After the end of the conflict in Libya, terrorist organizations became more active, with which a number of armed attacks on Western diplomats were connected. During one of them, the American embassy in Benghazi was attacked and several diplomats were killed, including the US ambassador to Libya. Consuls of Great Britain, Italy and some others were also subjected to armed attacks.
The fall of the Gaddafi regime under the NATO bombs contributed not only to the rapid arming of extremist groups of all stripes on the African continent, but also to the intensified Islamization of certain territories. The short-sighted policy of the West towards the Libyan regime led to the elimination of an important outpost, which had sufficient authority and, most importantly, resources and instruments of influence (in the form of numerous banks and funds) in order to keep the policies of the leaders of many African states under control.
The fall of the Libyan regime opened the way for the African continent to the Arabian monarchies and, above all, to the main Libyan opponent, Qatar.
NATO's intervention in the internal affairs of Libya had certain political implications for the alliance itself. Thus, the United States abandoned its traditional leadership role in conducting the operation, along with the refusal of Germany to participate in it. Under these conditions, for the first time since the end of the Cold War, France and Great Britain took over the leadership and the main role in the operation. The participation of Western countries in the war in Libya caused protest sentiments in Germany and Spain.

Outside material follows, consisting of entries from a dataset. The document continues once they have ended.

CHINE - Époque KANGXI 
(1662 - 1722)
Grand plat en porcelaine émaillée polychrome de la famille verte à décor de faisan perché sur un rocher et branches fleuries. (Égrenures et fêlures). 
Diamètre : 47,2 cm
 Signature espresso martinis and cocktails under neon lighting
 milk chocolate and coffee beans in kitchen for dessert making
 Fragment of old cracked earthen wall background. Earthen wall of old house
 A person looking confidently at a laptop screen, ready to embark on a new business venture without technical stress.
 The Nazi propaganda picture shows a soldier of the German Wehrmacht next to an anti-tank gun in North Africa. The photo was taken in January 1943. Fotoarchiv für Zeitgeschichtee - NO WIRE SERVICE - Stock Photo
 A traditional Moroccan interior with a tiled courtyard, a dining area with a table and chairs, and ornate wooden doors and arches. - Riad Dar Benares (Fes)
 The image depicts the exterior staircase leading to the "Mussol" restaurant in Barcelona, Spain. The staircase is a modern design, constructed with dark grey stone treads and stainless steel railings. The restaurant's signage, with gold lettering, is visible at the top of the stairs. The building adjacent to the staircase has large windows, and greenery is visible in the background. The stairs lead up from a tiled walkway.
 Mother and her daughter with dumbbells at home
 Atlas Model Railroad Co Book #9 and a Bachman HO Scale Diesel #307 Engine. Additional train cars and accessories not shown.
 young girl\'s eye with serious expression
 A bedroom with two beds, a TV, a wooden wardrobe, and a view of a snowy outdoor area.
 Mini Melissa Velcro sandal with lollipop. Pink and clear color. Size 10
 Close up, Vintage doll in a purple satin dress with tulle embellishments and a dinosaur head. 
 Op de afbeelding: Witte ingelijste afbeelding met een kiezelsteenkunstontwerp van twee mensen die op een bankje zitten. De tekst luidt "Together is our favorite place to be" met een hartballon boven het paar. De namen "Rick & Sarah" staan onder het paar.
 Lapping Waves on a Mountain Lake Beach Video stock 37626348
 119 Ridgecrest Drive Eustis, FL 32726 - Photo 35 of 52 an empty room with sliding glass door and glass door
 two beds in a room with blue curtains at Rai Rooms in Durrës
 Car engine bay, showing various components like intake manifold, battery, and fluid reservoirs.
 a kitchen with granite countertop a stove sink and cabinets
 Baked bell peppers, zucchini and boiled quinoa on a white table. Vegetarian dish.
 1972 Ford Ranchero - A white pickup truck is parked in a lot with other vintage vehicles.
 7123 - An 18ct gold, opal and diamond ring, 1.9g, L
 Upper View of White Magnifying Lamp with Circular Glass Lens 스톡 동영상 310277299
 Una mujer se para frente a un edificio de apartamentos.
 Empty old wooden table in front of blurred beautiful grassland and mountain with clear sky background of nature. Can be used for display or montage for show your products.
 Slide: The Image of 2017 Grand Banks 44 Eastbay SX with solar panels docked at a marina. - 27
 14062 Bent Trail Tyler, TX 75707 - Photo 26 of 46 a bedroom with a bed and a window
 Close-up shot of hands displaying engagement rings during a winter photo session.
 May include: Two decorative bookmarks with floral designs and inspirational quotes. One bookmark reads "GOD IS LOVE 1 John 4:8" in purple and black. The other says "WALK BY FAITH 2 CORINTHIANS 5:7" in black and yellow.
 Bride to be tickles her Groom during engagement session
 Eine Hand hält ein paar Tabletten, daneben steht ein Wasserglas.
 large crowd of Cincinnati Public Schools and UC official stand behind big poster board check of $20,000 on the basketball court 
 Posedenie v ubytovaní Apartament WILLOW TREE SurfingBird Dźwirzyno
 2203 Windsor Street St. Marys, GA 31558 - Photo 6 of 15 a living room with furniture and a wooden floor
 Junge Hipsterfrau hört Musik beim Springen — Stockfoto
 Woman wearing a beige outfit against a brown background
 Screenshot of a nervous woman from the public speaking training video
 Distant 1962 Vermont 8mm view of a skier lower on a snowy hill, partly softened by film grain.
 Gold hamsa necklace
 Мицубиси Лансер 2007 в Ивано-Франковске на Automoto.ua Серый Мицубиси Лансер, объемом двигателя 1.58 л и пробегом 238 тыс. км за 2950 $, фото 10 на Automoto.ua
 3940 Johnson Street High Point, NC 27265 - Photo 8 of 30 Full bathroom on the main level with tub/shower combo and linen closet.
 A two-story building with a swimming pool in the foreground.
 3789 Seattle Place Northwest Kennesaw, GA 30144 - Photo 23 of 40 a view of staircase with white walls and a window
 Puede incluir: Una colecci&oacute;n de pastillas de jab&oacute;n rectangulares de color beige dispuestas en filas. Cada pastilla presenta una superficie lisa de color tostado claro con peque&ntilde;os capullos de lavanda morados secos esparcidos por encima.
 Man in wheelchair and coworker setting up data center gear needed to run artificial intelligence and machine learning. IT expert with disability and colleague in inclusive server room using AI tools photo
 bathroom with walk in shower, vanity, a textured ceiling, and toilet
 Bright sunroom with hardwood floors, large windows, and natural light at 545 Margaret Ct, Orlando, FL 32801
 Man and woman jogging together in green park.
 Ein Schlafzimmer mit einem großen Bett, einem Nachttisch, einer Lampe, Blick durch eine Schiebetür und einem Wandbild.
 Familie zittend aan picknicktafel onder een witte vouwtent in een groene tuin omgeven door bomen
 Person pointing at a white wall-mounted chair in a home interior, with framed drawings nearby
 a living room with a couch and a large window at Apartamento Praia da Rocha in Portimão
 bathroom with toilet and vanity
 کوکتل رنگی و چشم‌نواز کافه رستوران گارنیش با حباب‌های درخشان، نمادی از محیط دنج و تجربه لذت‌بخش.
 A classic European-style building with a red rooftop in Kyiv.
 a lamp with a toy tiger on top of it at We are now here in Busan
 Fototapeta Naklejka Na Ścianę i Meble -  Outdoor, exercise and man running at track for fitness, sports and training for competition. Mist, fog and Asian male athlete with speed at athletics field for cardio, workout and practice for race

All these and other negative consequences of NATO interference in the internal affairs of Libya could not be if the West supported the initiative put forward by Russia in 2008 in the development and conclusion of a new treaty on European security, which would act on the basis of generally accepted principles and norms of international law and would be uniform and mandatory for all countries of the Organization for Security and Cooperation in Europe (OSCE).
What is characteristic is that the United States and Great Britain, which in Libya were one of the main pioneers of the events that led this country to the catastrophe, and its population to poverty, have shown particular rejection of Russia's proposal to sign a new treaty.
It is also obvious that the resolutions of the UN Security Council on Libya and Mali, which sanctioned the "peacekeeping actions" of the United States, Great Britain, France and other NATO members here, with a new force raise the question of the UN’s role in the modern system of international relations, leave open the question of the limits of international interference in the internal affairs of sovereign states, on the protection of human rights during armed conflicts, on the activities of the Security Council in resolving conflict situations, on the mechanisms for implementing resolutions.
Why does the Libyan rebels take the UN under its protection, and in Mali authorizes the cleansing of the north from the Tuareg? How are Syrian terrorists receiving support from France and weapon to fight the legitimate government, better Malian, which fights the same France? These are questions that are not answered in the UN.